Configuration parameter DisableHousekeeping will not be supported. Housekeeper related options are moved to Zabbix interface.

Administration->General->Housekeeper

  • The form will be redesigned to contain additional options. Related fields will be grouped in frames similar to the host interface tables.
  • A "Reset" button must be added to reset all form values to defaults.

New design:

 Events and alerts
   Enable housekeeping [X]
   Keep trigger data for (in days) [NNNNN]   # next four parameters enabled if previous parameter is checked; min/max = 1/99999
   Keep internal data for (in days) [NNNNN]
   Keep network discovery data for (in days) [NNNNN]
   Keep auto-registration data for (in days) [NNNNN]
      
 IT services
   Enable housekeeping [X]
   Keep data for (in days) [NNNNN]   # enabled if previous parameter is checked; min/max = 1/99999
      
 Audit
   Enable housekeeping [X]
   Keep data for (in days) [NNNNN]   # enabled if previous parameter is checked; min/max = 1/99999
      
 User sessions
   Enable housekeeping [X]
   Keep data for (in days) [NNNNN]   # enabled if previous parameter is checked; min/max = 1/99999
      
 History
   Enable housekeeping [X]
   Override item history period [X]    # enabled if previous parameter is checked
   Keep data for (in days) [NNNNN]     # enabled if previous two parameters are checked and enabled; min/max = 0/99999
      
 Trends
   Enable housekeeping [X]
   Override item trends period [X]    # enabled if previous parameter is checked
   Keep data for (in days) [NNNNN]    # enabled if previous two parameters are checked and enabled; min/max = 0/99999

The following field labels should be used in validation and audit messages:

  • Keep trigger event and alert data for (in days)
  • Keep internal event and alert data for (in days)
  • Keep network discovery event and alert data for (in days)
  • Keep auto-registration event and alert data for (in days)
  • Keep IT service data for (in days)
  • Keep audit data for (in days)
  • Keep user session data for (in days)
  • Keep history data for (in days)
  • Keep trend data for (in days)

Configuration -> Hosts -> Item configuration form

In case if history or trends are overwritten or disabled on system level, a warning message should be displayed:

 Keep history (in days) Overridden by global housekeeper settings (#### day/days). # in normal text color
 Keep trends (in days) Overridden by global housekeeper settings (#### day/days).  # in normal text color

The "global housekeeper settings" is a link to Administration -> General -> Housekeeper.

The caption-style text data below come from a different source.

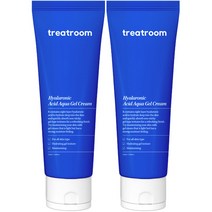 트리트룸 히알루론산 아쿠아 저자극 젤크림, 155ml, 2개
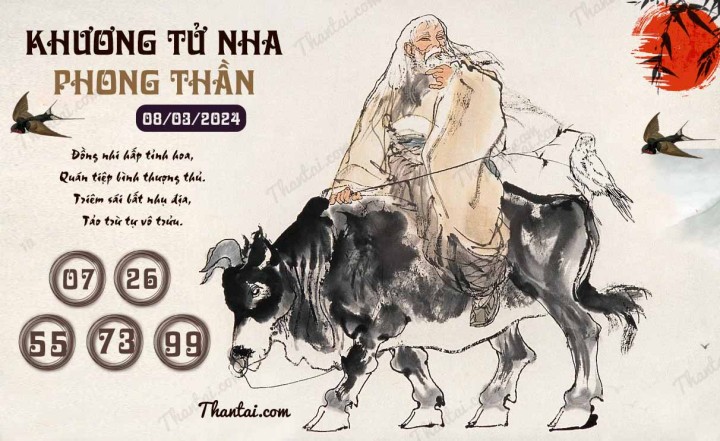 Khương Tử Nha Phong Thần 22/02/2024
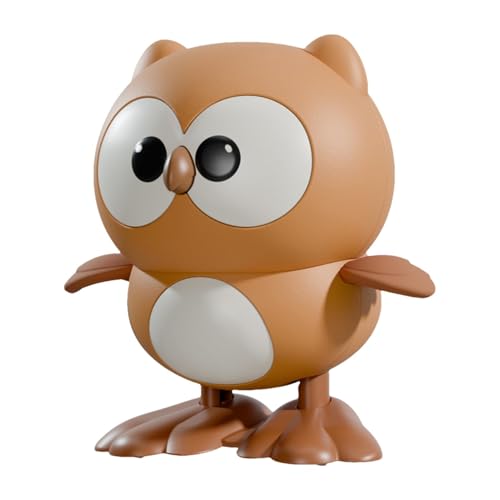 Wind up Spielzeug für Kinder, Tier Wind up Spielzeug | Cartoon Walking Eule Spielzeug,Tragbare Aufrollspielzeug für Kinder, bunte Uhrwerksspielzeug Hand-Auge-Koordination, Hand- Fähigkeit Wind up Spielzeug für Kinder, Tier Wind up Spielzeug | Cartoon Walking Eule Spielzeug,Tragbare Aufrollspielzeug für Kinder, bunte Uhrwerksspielzeug Hand-Auge-Koordination, Hand- Fähigkeit von Ynnhik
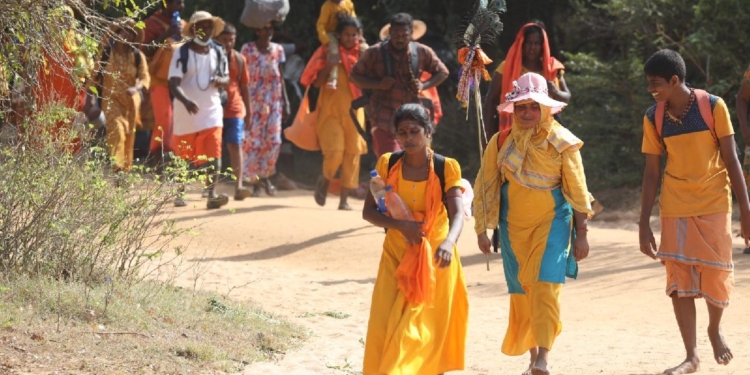 හරෝ හරා…. යාල මැදින් කතරගමට ආ බිහිසුණු ගමන! Sri Lanka Latest News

The warning is only displayed for items on hosts.

Graphs

The logic around the existing ZBX_HISTORY_DATA_UPKEEP constant should remain as is.

Server side changes

Configuration parameters

Support of configuration parameter DisableHousekeeping will be removed.

Performance improvements

When housekeeper process is executed for the first time, the following or similar structure will be created in memory:

 itemid, valuetype, minclock
 where valuetype is one of ITEM_VALUE_TYPE_FLOAT, ITEM_VALUE_TYPE_STR, ITEM_VALUE_TYPE_LOG,
                           ITEM_VALUE_TYPE_UINT64, ITEM_VALUE_TYPE_TEXT
 minclock is a minimum timestamp stored in corresponding historical (history_<valuetype>, trends_*) table)

It should probably be sorted by valuetype+itemid.

If there is historical information in table with different valuetype, the structure will contain several records with the same itemid.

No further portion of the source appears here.